Although the records contain pictures, none belong in the copy: restate word for word only the lines from the one with "Iraq War Veteran" through the one with "Volvo L 220 F Hjullastare", both included.

**EXERCISE INPUT:**
+ + + + +

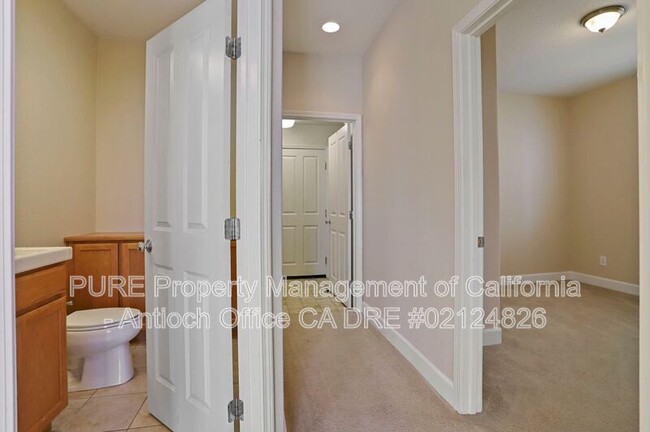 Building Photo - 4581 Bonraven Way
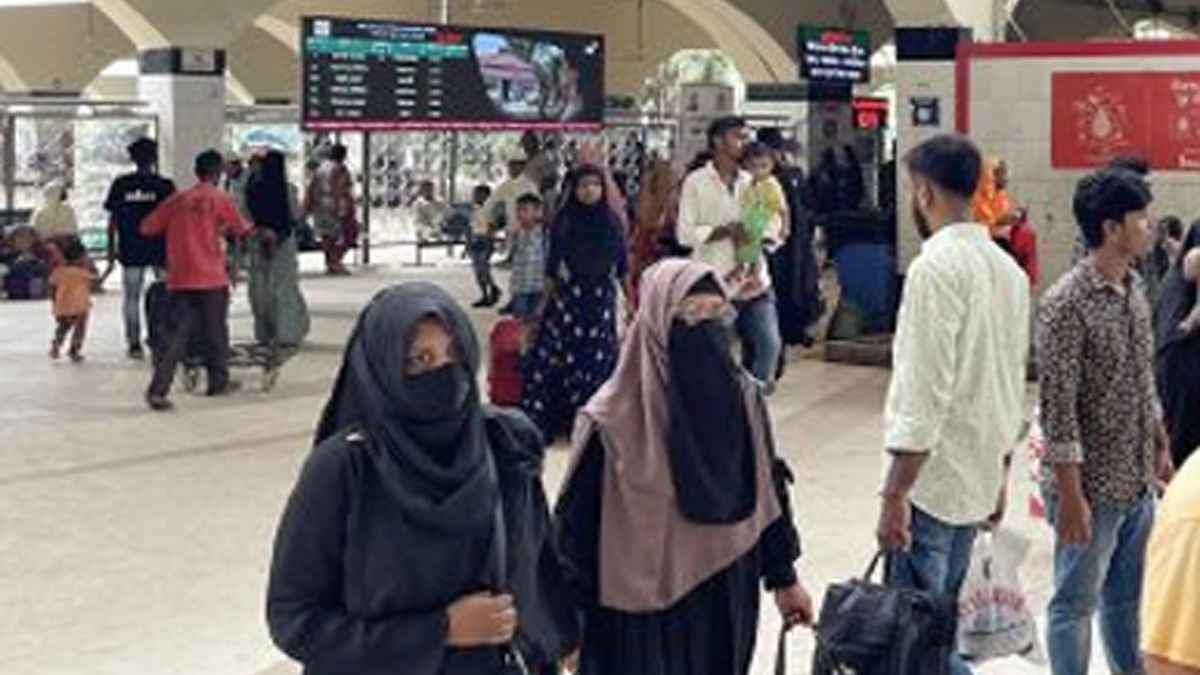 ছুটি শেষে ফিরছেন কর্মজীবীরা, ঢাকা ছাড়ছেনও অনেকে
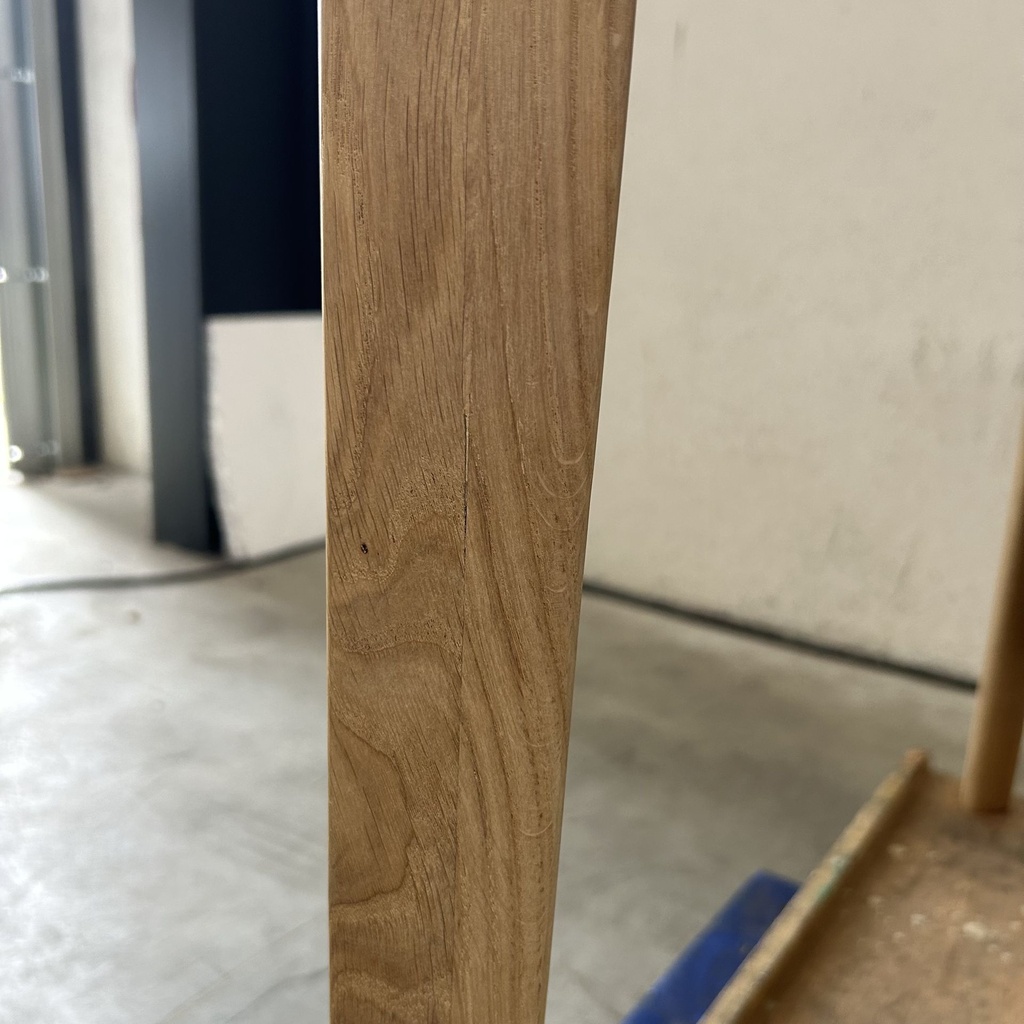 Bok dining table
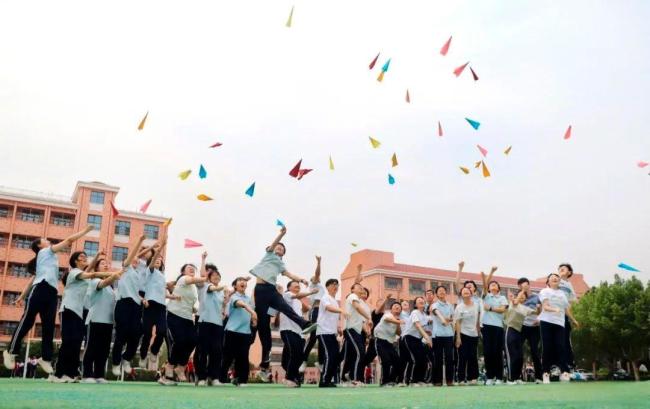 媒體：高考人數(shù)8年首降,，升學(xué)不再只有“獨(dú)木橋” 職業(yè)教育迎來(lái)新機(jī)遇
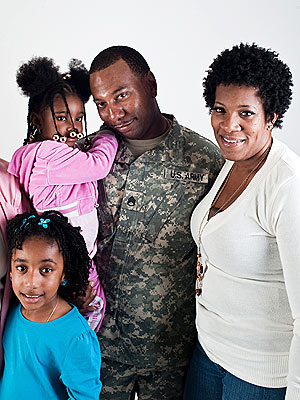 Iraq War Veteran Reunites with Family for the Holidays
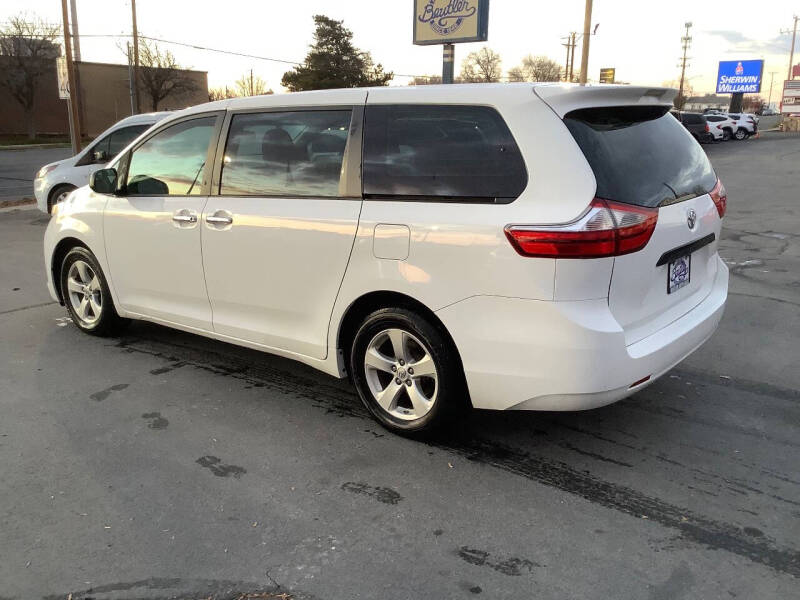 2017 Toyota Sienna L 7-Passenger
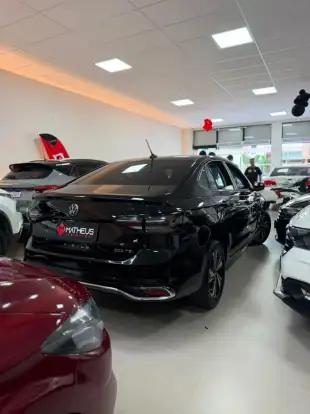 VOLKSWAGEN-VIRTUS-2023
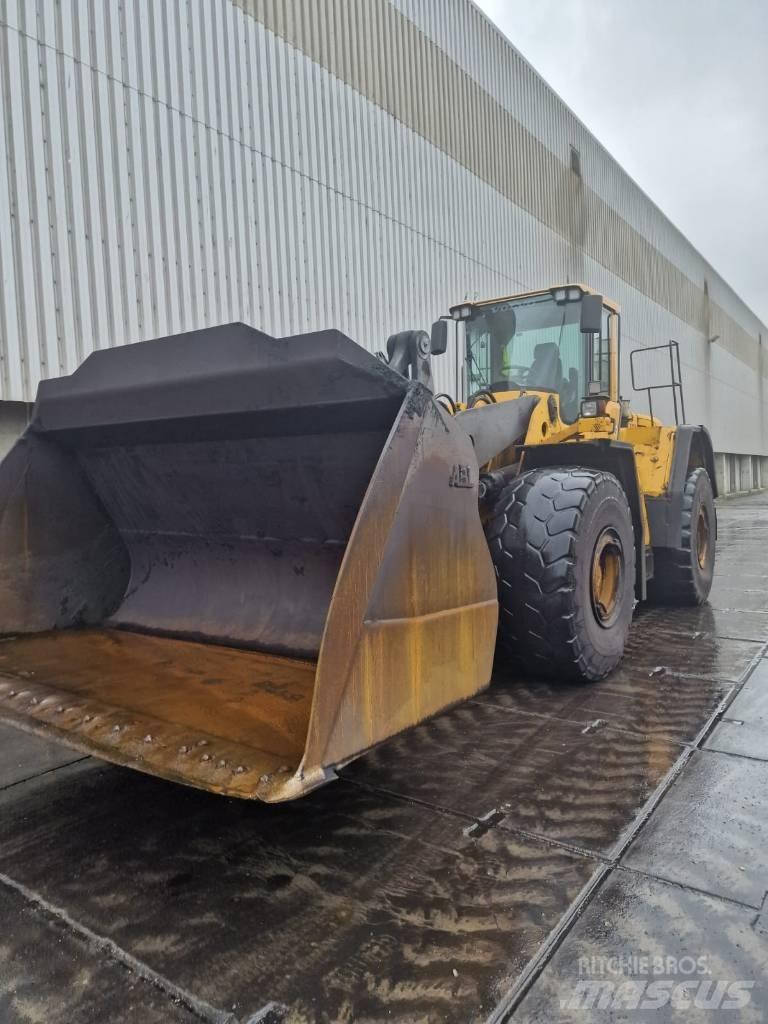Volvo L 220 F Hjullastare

+ + + + +

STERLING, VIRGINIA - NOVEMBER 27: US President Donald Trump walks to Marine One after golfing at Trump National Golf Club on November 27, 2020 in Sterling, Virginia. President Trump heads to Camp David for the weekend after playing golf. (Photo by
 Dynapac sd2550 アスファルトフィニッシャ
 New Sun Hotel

+ + + + +

**EXERCISE RESPONSE:**
 Iraq War Veteran Reunites with Family for the Holidays
 2017 Toyota Sienna L 7-Passenger
 VOLKSWAGEN-VIRTUS-2023
Volvo L 220 F Hjullastare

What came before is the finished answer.